## [EXERCISE OBJECTIVE]
In the listing below, find each line containing "Renault" and report it.

## [EXERCISE INPUTS]
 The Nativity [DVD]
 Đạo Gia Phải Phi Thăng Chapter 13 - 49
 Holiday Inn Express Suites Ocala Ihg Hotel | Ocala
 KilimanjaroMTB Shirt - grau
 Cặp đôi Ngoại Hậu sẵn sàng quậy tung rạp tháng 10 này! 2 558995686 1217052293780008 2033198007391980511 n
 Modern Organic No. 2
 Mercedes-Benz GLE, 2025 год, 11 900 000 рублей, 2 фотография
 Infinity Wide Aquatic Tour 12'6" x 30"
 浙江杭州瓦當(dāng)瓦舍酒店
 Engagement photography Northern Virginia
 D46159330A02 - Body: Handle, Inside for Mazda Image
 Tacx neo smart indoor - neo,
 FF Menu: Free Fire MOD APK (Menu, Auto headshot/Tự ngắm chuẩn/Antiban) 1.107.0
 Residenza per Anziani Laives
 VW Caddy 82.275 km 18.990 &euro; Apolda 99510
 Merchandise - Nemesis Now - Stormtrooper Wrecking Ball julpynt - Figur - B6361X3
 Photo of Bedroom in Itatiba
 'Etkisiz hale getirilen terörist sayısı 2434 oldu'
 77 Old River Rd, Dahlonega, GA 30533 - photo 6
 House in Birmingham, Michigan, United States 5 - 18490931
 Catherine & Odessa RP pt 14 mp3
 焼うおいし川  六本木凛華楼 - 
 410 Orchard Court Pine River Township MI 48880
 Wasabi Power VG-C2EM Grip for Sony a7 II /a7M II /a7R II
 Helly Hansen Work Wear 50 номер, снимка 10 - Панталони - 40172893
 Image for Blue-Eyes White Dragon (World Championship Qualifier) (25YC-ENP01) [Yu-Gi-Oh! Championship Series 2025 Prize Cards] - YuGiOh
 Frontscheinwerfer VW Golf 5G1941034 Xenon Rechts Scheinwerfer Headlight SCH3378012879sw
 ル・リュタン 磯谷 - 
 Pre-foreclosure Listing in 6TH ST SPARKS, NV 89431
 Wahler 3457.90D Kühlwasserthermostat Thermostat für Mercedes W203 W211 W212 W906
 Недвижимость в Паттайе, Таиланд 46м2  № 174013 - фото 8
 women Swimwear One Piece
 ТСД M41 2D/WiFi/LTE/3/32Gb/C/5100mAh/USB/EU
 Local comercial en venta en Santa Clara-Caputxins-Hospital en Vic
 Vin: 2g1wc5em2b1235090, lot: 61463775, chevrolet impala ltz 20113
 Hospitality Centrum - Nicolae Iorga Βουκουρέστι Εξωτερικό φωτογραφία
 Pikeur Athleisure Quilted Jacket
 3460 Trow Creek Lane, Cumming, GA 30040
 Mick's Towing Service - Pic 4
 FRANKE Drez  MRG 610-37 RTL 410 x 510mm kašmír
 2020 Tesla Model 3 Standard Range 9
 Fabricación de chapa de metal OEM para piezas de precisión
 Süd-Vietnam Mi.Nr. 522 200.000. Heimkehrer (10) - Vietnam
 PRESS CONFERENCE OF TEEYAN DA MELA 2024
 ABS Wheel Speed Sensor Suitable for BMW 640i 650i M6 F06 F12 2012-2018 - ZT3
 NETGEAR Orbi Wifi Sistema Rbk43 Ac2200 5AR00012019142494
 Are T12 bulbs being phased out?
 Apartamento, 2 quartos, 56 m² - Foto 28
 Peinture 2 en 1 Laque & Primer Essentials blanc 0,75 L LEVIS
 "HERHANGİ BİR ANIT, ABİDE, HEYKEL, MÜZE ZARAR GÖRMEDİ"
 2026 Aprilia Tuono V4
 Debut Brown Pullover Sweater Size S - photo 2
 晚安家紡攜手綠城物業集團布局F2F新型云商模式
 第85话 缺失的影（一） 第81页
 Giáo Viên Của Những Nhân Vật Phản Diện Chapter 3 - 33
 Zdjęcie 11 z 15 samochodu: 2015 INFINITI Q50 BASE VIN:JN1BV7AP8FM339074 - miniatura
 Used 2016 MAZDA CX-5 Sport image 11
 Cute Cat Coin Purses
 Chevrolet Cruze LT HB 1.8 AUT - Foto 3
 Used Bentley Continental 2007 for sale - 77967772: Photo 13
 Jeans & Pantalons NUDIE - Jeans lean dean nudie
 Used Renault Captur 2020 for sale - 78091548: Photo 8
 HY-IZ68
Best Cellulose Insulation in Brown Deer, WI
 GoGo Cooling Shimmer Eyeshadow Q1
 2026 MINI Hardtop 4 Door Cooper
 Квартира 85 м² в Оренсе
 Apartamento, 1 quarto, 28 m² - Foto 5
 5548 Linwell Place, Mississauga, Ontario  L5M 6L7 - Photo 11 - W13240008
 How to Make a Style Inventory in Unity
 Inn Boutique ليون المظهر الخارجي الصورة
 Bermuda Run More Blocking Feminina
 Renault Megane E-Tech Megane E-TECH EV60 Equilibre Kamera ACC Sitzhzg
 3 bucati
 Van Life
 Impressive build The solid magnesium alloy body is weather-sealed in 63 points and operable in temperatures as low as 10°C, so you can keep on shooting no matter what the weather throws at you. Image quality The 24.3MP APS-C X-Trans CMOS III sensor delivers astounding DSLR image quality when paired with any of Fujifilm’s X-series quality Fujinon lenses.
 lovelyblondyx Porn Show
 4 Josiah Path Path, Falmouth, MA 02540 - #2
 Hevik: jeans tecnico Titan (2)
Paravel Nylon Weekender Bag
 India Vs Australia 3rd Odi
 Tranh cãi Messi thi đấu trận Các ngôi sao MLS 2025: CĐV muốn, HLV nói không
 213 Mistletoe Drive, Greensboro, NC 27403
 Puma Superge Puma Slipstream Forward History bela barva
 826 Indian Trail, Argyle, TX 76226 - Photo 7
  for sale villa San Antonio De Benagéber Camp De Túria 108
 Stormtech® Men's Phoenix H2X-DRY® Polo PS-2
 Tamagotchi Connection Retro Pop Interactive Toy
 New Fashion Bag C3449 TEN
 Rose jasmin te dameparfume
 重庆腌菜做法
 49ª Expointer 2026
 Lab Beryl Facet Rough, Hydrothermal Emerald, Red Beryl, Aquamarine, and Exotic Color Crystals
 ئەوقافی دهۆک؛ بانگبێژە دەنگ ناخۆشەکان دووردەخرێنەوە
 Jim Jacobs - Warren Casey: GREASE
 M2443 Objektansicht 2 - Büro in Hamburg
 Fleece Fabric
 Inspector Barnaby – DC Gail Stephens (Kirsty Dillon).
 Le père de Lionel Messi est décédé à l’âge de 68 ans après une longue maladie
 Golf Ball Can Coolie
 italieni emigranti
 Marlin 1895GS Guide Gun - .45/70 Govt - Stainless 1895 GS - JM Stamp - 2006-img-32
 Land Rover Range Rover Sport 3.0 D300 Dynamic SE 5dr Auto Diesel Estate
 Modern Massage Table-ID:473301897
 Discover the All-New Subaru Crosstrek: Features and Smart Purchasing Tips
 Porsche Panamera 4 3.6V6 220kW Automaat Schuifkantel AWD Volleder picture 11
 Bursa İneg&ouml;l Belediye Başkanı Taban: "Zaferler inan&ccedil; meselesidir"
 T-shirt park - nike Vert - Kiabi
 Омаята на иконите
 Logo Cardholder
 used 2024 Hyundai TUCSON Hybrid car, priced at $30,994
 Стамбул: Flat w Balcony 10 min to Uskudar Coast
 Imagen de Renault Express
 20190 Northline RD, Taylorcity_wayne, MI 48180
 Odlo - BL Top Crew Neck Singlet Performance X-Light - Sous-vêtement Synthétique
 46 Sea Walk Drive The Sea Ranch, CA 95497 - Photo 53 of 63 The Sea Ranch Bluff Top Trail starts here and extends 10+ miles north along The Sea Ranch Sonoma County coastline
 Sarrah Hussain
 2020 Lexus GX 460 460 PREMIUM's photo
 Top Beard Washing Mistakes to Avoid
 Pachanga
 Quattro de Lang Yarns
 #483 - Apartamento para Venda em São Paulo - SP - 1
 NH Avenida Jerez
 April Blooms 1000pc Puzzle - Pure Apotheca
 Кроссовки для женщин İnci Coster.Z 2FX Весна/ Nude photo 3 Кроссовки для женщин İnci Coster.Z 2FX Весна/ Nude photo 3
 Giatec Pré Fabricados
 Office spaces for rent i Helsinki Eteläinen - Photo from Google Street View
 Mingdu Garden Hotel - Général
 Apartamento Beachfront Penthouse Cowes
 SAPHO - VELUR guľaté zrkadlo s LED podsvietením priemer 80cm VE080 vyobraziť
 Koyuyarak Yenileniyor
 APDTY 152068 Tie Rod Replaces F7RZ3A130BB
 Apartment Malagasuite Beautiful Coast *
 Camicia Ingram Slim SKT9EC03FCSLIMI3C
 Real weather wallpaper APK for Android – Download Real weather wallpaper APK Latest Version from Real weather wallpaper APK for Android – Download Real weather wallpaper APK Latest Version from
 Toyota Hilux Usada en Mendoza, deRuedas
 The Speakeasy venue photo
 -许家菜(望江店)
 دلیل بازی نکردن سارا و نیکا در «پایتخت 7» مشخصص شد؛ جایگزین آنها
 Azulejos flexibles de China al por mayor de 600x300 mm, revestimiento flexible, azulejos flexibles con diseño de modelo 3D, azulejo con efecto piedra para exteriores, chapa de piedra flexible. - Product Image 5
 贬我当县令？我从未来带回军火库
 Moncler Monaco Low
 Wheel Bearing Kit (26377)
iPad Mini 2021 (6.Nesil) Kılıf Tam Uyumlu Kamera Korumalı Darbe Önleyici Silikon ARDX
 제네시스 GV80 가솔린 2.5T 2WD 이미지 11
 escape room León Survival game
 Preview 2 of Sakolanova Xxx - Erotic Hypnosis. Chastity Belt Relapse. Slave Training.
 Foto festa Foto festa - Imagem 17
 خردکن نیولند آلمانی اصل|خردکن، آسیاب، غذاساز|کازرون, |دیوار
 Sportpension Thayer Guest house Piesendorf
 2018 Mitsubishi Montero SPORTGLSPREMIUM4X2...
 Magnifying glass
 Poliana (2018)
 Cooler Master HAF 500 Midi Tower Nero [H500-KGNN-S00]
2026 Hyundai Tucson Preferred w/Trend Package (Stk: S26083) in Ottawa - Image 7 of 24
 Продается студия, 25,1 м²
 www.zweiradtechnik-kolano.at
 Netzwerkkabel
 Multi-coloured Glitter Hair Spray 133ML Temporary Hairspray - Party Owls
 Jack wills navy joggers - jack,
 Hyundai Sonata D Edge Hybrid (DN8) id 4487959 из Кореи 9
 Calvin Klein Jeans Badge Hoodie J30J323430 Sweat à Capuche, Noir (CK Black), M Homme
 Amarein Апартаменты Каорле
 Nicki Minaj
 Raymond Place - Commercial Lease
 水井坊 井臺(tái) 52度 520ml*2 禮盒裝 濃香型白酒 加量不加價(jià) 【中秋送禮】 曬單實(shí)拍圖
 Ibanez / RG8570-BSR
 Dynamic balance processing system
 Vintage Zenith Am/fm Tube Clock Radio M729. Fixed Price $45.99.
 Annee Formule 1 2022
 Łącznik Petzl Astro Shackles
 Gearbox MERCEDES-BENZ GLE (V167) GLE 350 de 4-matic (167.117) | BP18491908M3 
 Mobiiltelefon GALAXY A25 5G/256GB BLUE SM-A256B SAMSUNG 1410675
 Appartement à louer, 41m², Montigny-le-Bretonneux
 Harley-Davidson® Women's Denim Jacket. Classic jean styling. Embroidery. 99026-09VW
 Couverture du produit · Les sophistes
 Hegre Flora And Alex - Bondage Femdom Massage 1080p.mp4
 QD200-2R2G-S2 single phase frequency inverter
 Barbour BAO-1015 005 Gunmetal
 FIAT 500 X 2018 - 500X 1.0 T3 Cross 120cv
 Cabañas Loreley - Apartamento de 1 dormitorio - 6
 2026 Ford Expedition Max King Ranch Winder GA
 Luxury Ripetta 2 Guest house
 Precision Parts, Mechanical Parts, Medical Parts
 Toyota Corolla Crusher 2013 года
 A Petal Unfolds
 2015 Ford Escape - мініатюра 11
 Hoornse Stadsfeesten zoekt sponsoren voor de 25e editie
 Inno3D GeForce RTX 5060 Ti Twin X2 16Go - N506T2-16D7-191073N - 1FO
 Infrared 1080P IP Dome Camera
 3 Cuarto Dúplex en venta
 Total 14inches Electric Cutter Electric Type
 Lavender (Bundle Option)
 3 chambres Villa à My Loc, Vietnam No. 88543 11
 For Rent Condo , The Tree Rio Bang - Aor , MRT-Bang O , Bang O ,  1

## [OUTPUT OF THE TASK]
 Used Renault Captur 2020 for sale - 78091548: Photo 8
 Renault Megane E-Tech Megane E-TECH EV60 Equilibre Kamera ACC Sitzhzg
 Imagen de Renault Express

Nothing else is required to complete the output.